Next, I dove into human-AI interaction by zooming out and looking at parallels between, a) human-human interaction, b) human-computer interaction, and c) human-AI interaction. I see human-AI interaction as sitting somewhere in between human-human interaction and human-computer interaction, leaning much closer to human-computer interaction, afterall AI can be considered a “machine”. That being said, there is a big difference in that AI is designed to learn from and mimic human judgment, decision making, and behavior, while static computers and websites are not.
human-AI interaction also varies drastically depending on the task and context. In this product the AI and humans needed to collaboratively work together to achieve the best result (i.e., saving time and grading accurately). In this situation, the instructors bring many preconceived notions and folk-theories about AI to the table. For instance, some assume that an AI can learn to grade exactly like them. This is a misconception. Afterall, a human can’t even agree with themselves 100% of the time (otherwise known as intra-rater reliability). In psychometrics/statistical terms your correlation with an AI can only be as high as you correlate with yourself. For example, you grade a set of writing, set it aside, a month later come back and grade it again. The correlation between your time 1 scores and your time 2 scores is your intra-rater reliability. Let’s say this correlation is .85 (pretty good!). This number sets the upper limits of how high an AI can correlate with you. In other words, .85 is the highest correlation you could have with an AI in this situation, a 100% agreement with AI is NOT possible and a correlation of .85 is highly improbable. In other words, the quality and reliability of the human grades will affect the AI’s ability to learn from human.

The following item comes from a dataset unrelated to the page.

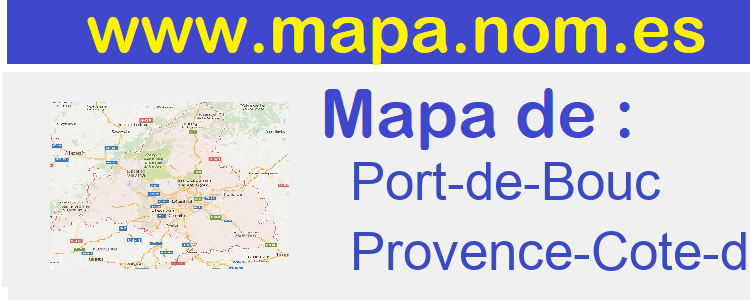 mapa de  Port-de-Bouc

Additionally, a common request from people is that they want AI to be explainable. Or rather, they want an exact explanation of how the AI arrived at its judgments and decisions. A nearly impossible task. When instructors are told an exact explanation can’t be given, their reaction is to lower their trust in AI. The ironic aspect of this is that if you asked an instructor how they arrived at a grade, they could give an explanation, however, the explanation is likely incorrect. Humans do not have access to all of the why’s and how’s of what influences their decision making. They will attempt to give a rational explanation,
“Well, Amy’s organization of the paper made it hard to follow resulting in her overall lower grade.”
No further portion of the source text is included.